LeetCode题解(0632)：包含每个列表中至少一个整数的最小区间(Python)

题目：原题链接（困难）

标签：双指针、哈希表、滑动窗口、数学

解法	时间复杂度	空间复杂度	执行用时
Ans 1 (Python)	$O(N^2\times K)$	$O(N\times K)$	超出时间限制
Ans 2 (Python)	$O(N^2\times K)$	$O(N\times K)$	572ms (30.00%)
Ans 3 (Python)	$O((N\times K)log(N\times K))$	$O(N\times K)$	228ms (97.85%)

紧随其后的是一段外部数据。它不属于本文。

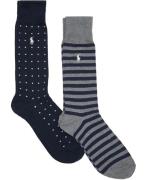 Polo Ralph Lauren Dot ipe Sock 2pack One size - Ankelømper hos Magasin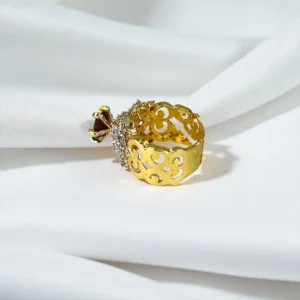 MAROON STONE RING 2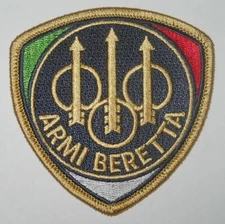 BERETTA PATCH ARMI WEAPONS FIREARM GUN HUNTING PISTOL SHOTGUN BADGE M9 92F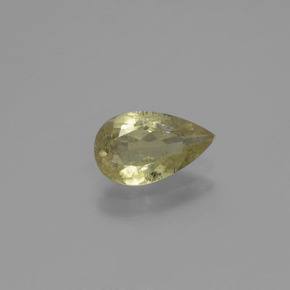 Diaspro cangiante Verde / Rosa naturale da 0.99 ct, Forma a pera, VS-SI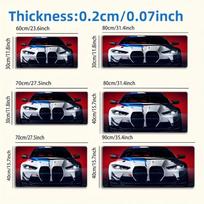 Vibrant Sports Car Design Mouse Pad Large Rubber Anti-slip PC Desk Accessories Mousepad for Offices and Gamer Keyboard Decor Mat 300X600X2MM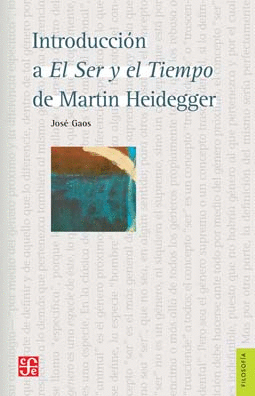 INTRODUCCION A EL SER Y EL TIEMPO DE MARTIN HEIDEGGER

LeetCode的Python执行用时随缘，只要时间复杂度没有明显差异，执行用时一般都在同一个量级，仅作参考意义。

解法一（朴素的暴力解法）：

class Solution:
    def smallestRange(self, nums: List[List[int]]) -> List[int]:
        # 生成初始范围
        scopes = [(n, n) for n in nums[0]]

        # 不断更新范围
        for num in nums[1:]:
            i1, i2 = 0, 0
            new_scopes = []
            while i1 < len(scopes) and i2 < len(num):
                scope = scopes[i1]
                n = num[i2]
                if n <= scope[0]:
                    new_scopes.append((n, scope[1]))
                    i2 += 1
                elif scope[0] < n < scope[1]:
                    new_scopes.append(scope)
                    i1 += 1
                else:
                    new_scopes.append((scope[0], n))
                    i1 += 1
            scopes = new_scopes

        return list(min(scopes, key=lambda s: s[1] - s[0]))

解法二（改进的暴力解法）：

class Solution:
    def smallestRange(self, nums: List[List[int]]) -> List[int]:
        # 生成初始范围
        scopes = [(n, n) for n in nums[0]]

        # 不断更新范围
        for num in nums[1:]:
            i1, i2 = 0, 0
            new_scopes = []
            while i1 < len(scopes) and i2 < len(num):
                scope = scopes[i1]
                n = num[i2]
                if n < scope[0]:
                    if not new_scopes or new_scopes[-1][0] < n:
                        new_scopes.append((n, scope[1]))
                    i2 += 1
                elif scope[0] <= n <= scope[1]:
                    new_scopes.append(scope)
                    i1 += 1
                else:
                    if new_scopes and new_scopes[-1][1] == n:
                        new_scopes.pop()
                    new_scopes.append((scope[0], n))
                    i1 += 1
            scopes = new_scopes

        return list(min(scopes, key=lambda s: s[1] - s[0]))

解法三（滑动窗口）：

class Solution:
    def smallestRange(self, nums: List[List[int]]) -> List[int]:
        # 生成包含序列
        num_count = collections.defaultdict(list)
        for i, num in enumerate(nums):
            for n in num:
                num_count[n].append(i)

        # 依据值排序序列
        idxs = sorted(num_count.keys())

        ans = [idxs[0], idxs[-1]]
        left = 0
        count = collections.Counter()
        need = len(nums)
        for right in idxs:
            for n in num_count[right]:
                count[n] += 1
                if count[n] == 1:
                    need -= 1
            if need == 0:
                while need == 0:
                    for n in num_count[idxs[left]]:
                        count[n] -= 1
                        if count[n] == 0:
                            need += 1
                    left += 1
                if right - idxs[left - 1] < ans[1] - ans[0]:
                    ans = [idxs[left - 1], right]

        return ans